__WORK INSTRUCTIONS__. Output all of the data exactly, keeping any images out of the copy.

__Captioned web images__.
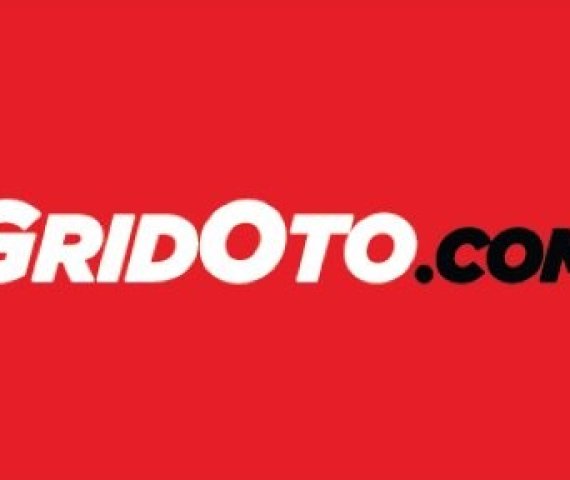 Gridoto com
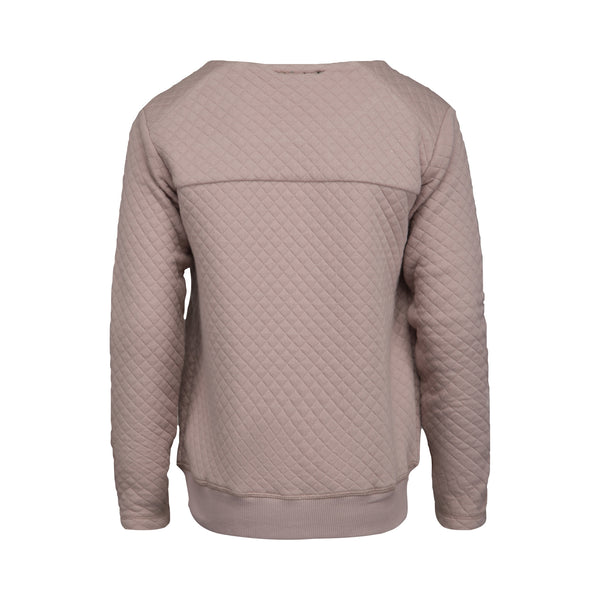 PETIT BY SOFIE SCHNOOR Jacket Shadow Rose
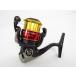 SHIMANO Shimano 15. Sephia SS C3000HGSsefia катушка рыболовная снасть VSP13472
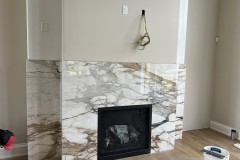 large-format-tile-36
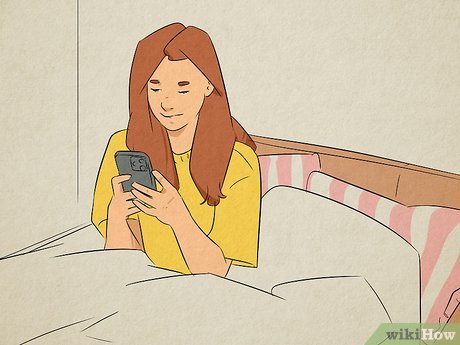 “Any day you’re not with me is a bad day.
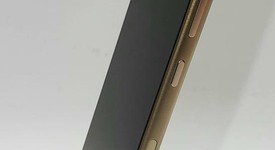 Mint
													Samsung Galaxy S24 Ultra - Spectrum, Yellow, 256 GB, 12 GB, SM-S928U, photo 3 of 6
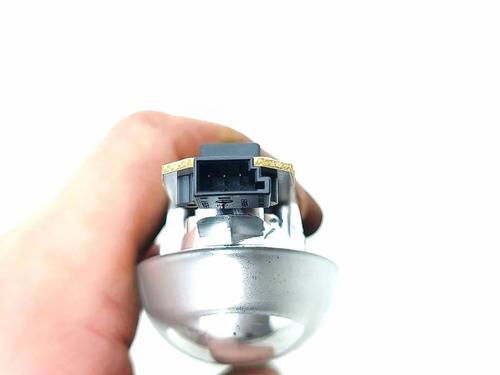 Interior roof light MINI MINI COUNTRYMAN (R60) John Cooper Works ALL4 | BP33662105I8 - Image 4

__ANSWER BELOW__.
 Gridoto com
 PETIT BY SOFIE SCHNOOR Jacket Shadow Rose
 SHIMANO Shimano 15. Sephia SS C3000HGSsefia катушка рыболовная снасть VSP13472
 large-format-tile-36
 “Any day you’re not with me is a bad day.
 Mint
													Samsung Galaxy S24 Ultra - Spectrum, Yellow, 256 GB, 12 GB, SM-S928U, photo 3 of 6
 Interior roof light MINI MINI COUNTRYMAN (R60) John Cooper Works ALL4 | BP33662105I8 - Image 4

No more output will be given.